La cuisine au miel (5)

aile68

Dans le train j'ai fait le parcours de ma vie depuis mes cinq ans je crois. Pierre était entré dans ma tête à l'âge de six ans je crois, il avait déjà ses lunettes rectangulaires. Ce n'est pas de l'amour que j'ai d'abord éprouvé pour lui, mais il a fait tilt dans mon esprit. Je l'aimais bien, on a commencé à se parler à dix ans je crois, nous avions cinq ans d'écart, nous n'avons fait que partager des banalités cependant c'est resté un doux souvenir comme du miel qui coule dans la gorge quand on a mal. Face à lui j'ai perdu mes moyens à l'âge de quinze ans, je n'arrivais plus à aligner trois mots à la suite, je l'imaginais dans un royaume, le royaume des anges. Un jour, m'a raconté ma grande soeur, il s'est fait renverser par une voiture près du lycée, parait qu'il a dit: "Je suis au paradis?"

C'est une phrase qui le caractérisait bien à l'époque, il a toujours eu l'air tellement sage, gentil et sérieux. J'ai senti mes membres trembler quand ma soeur m'a dit cela! Je l'imaginais déjà mort à la porte du paradis, saint Pierre faisant tinter ses clefs...

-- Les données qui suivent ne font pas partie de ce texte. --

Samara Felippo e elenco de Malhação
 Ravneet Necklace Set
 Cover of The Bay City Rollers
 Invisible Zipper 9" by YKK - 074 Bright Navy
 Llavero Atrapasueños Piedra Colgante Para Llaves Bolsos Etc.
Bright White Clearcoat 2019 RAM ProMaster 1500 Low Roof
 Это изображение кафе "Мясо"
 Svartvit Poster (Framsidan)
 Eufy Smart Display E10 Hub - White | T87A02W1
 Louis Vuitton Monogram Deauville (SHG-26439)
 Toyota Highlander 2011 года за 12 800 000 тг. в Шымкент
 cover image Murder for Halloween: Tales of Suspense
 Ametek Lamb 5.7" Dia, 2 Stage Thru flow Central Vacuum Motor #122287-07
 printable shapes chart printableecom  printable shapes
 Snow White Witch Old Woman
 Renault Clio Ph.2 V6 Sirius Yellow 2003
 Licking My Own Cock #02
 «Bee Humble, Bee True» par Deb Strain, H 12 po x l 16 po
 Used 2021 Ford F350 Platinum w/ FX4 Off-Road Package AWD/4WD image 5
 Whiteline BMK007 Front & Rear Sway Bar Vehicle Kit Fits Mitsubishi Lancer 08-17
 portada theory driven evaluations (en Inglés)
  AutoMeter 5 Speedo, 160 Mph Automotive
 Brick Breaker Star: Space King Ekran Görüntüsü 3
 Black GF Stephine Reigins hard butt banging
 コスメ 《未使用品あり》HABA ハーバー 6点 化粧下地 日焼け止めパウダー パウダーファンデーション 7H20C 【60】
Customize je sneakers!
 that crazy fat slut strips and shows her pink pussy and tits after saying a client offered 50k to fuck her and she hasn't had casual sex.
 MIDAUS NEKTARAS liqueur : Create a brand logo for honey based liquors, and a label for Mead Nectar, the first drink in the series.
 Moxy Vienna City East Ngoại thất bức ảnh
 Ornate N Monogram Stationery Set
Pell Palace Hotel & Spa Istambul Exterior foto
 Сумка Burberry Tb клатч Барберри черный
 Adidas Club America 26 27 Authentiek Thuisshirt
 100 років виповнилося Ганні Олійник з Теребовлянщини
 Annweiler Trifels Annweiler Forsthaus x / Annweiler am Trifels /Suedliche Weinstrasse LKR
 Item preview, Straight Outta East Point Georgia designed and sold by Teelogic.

Arrivée à Paris, je n'ai pas su quoi faire. J'ai appelé Julia, ma meilleure amie. J'ai laissé passer les reproches qu'elle m'a faits sans rien dire, puis elle m'a dit:

"Tu vas crécher où, à l'hôtel?

- Ouais peut-être... je n'en menais pas large.

- Ecoute, l'auberge de jeunesse c'est parfait! Tu reviens quand d'abord?

- Je n'ai pas l'intention de revenir...

- Quoi, t'es folle!

- Ta famille est folle d'inquiétude, ils n'y peuvent rien eux si tu es amoureuse du gars qu'il faut pas!

- Voilà tu l'as dit! "Du gars qu'il faut pas!"

- Non mais je dis ça comme ça, mais c'est fou pourquoi tu lui as pas dit à Pierre, que t'as des sentiments pour lui. Pourquoi t'es partie?

- Il a déjà quelqu'un...

- Et alors? Tu sais quoi reviens vite!

- Mais je peux pas...

- Prends le premier train je te dis! Moi je vais dire à tes parents que tu reviens.

- Oui mais tu leur dis pas pour Pierre!

- Tu crois que ta soeur et ta mère n'ont pas compris? Tu devrais te regarder dans une glace quand tu le vois...

- Ah bon tant que ça?

- Allez dépêche-toi de rentrer!"

Ma prof de français de 3e aurait dit que c'était une situation ubuesque... C'est vrai.

J'ai eu de la chance, le prochain train pour ma ville partait dans deux heures, ça me ferait arriver à trois heures. Vive le TGV!

... Mes parents étaient furieux, mon père avait sa tête des mauvais jours, ses beaux yeux d'habitude d'un bleu azur avait viré au gris, il faisait mauvais en lui. Je suis partie dans ma chambre, ne suis pas sortie jusqu'au lendemain où ma mère m'a réveillée pour me dire qu'il fallait que j'aille travailler. ça m'a libérée!